Josef hatte gar nicht bemerkt, dass Maria aufgestanden war. Sie murmelte etwas vor sich hin. Er blickte sie entgeistert an und fragte: „Was sagst du?“ Maria setzte sich. Ihre Blicken suchten sich, sein Blick aus dem Kopf und ihr Blick aus dem Herzen. Aber sie fanden sich nicht. Maria sang: „Tochter Zion, freue dich, jauchze laut, Jerusalem.“ Leise sang sie es in sich hinein.

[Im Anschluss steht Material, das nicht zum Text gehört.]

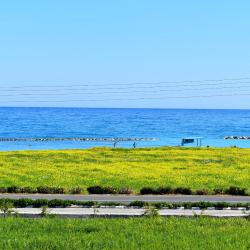 Neo Chorio 26 holiday rentals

Josef sang in sich hinein: „Wenn ich den Blick zu deinen Serne wende…“ und schloss leise an: „Freude, schöner Götterfunken, Tochter aus Elysium!“ So besangen sie – leise zwar, doch nicht ohne Freude - ihre Töchter, Maria die Tochter aus Zion und Josef die Tochter aus Elysium. … Da schrie laut der Sohn aus der Krippe. Der Säugling tat, was Säuglinge tun, wenn sie Hunger haben. Maria vergaß die Worte in ihrem Herzen, Josef ließ ab von den Gedanken in seinem Kopf. Die Mutter musste zusehen, dass der Säugling das Trinken lernt und der Vater musste lernen, wie man die Windeln wickelt. Nachdem der Säugling gestillt und gewickelt wieder eingeschlafen war, trafen sich ihre Blicke. „Was hast du durch das Loch gesehen, Josef?“ – „Die Sterne.“ „Konnte Abraham die Sterne zählen, als der Herr ihn hieß, gen Himmel zu sehen und die Sterne zu zählen?“, fragte Maria. Und Josef wiederholte die Verheißung: So zahlreich sollen deine Nachkommen sein! (Gen 15,35)

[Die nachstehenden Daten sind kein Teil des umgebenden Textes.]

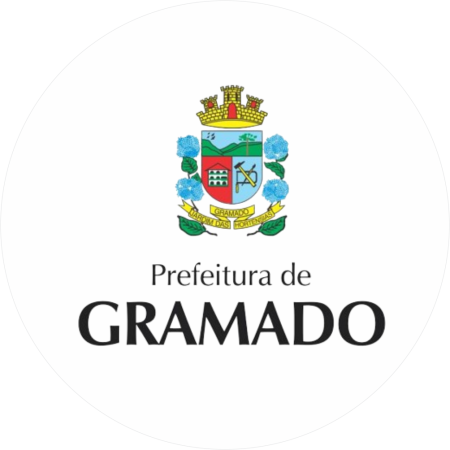 prefeirura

„Wir haben ein Kind bekommen“, sagte Maria. - „Gott hat Wort gehalten“, stellte Josef fest, und konnte gar nicht glauben, dass er das gesagt hatte, und fügt an, nun sehr bewegt: „Schwester, überm Sternenzelt muss ein lieber Vater wohnen“. Sie traten gemeinsam aus dem Stall, hoben ihre Köpfe und blickten in den Sternenhimmel.

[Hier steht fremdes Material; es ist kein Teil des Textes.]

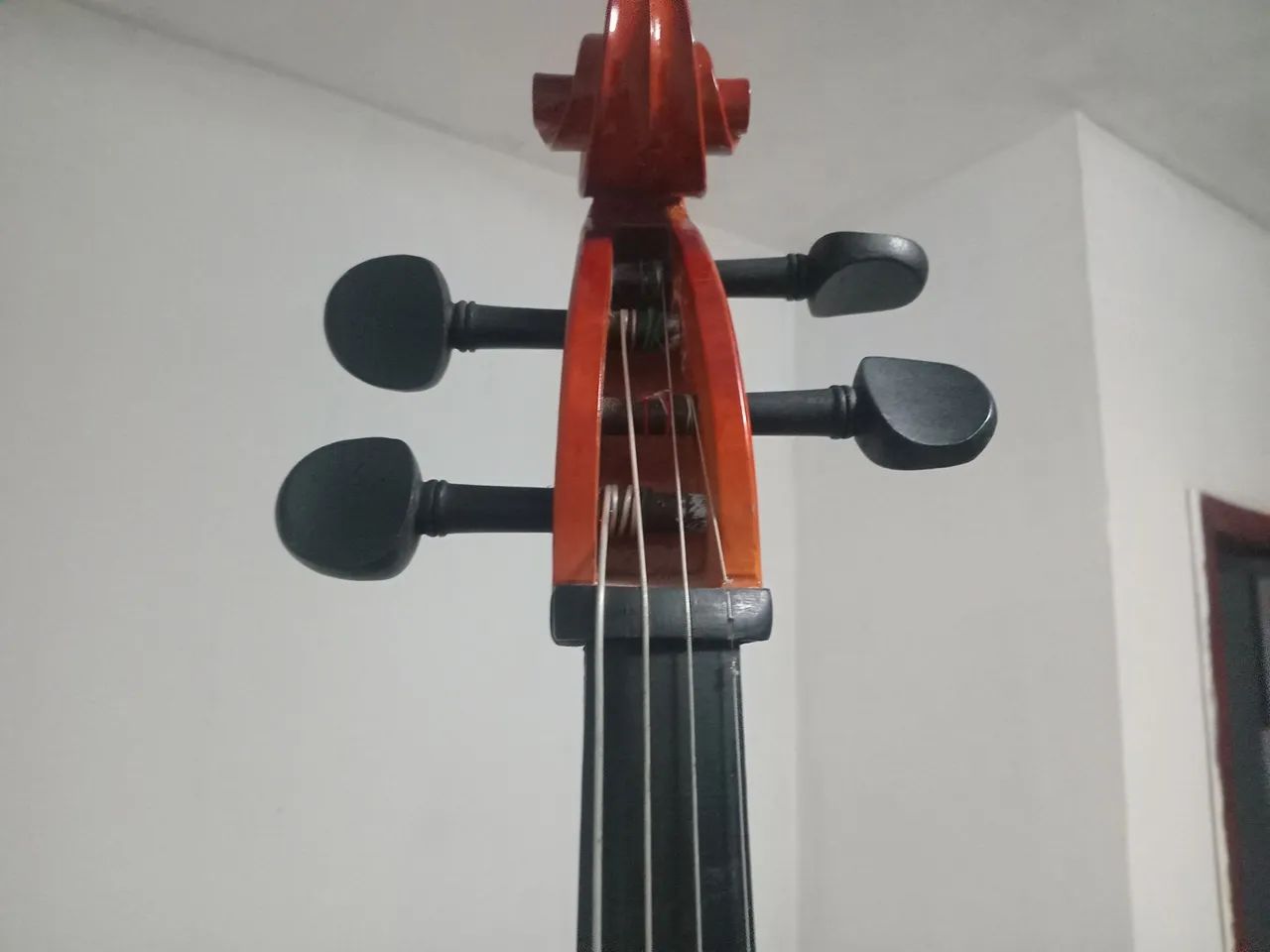 Violoncelo  - Foto 3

„Wieso kümmert sich der Gott, der all dies geschaffen hat, um uns?“, fragte Josef. „Wieso kümmern wir uns um das Kind?“, fragte Maria. „Weil es schreit und es uns weh tut, wenn es schreit“, antwortete Josef. „Siehst du“, sagte Maria. „Weil wir schreien und zu ihm rufen und es ihm weh tut, wenn wir schreien, deshalb kümmert Gott sich um uns. Seine Ohren hören uns über Lichtjahre und durch Schallmauern. Von seinen Millionen Welten liegt ihm ausgerechnet unsere am Herzen.“ – „Woher weiß du das?“ wollte Josef wissen. „Die Worte in meinem Herzen haben begonnen, mir ihre alten Geschichten zu erzählen. Es war immer so, seit Anbeginn der Zeit: Wir riefen und Gott hörte. Erst, wenn wir nicht mehr rufen, erst, wenn auf dieser Erde keiner mehr schreit, wird er sich anderen Welten zuwenden.“ „Sollen wir uns das wünschen?“, fragte Josef. Das Kind wurde wach und fing wieder an zu schreien. Sie kehrten in den Stall zurück. Sie wussten, was zu tun war. Und sie freuten sich sehr.
Amen.

1. Wie herrlich gibst du, Herr, dich zu erkennen,
schufst alles, deinen Namen uns zu nennen:
Der Himmel ruft ihn aus mit hellem Schall,
das Erdenrund erklingt im Widerhall.
2. Verborgen hast du dich den klugen Weisen
und lässest die Unmündigen dich preisen.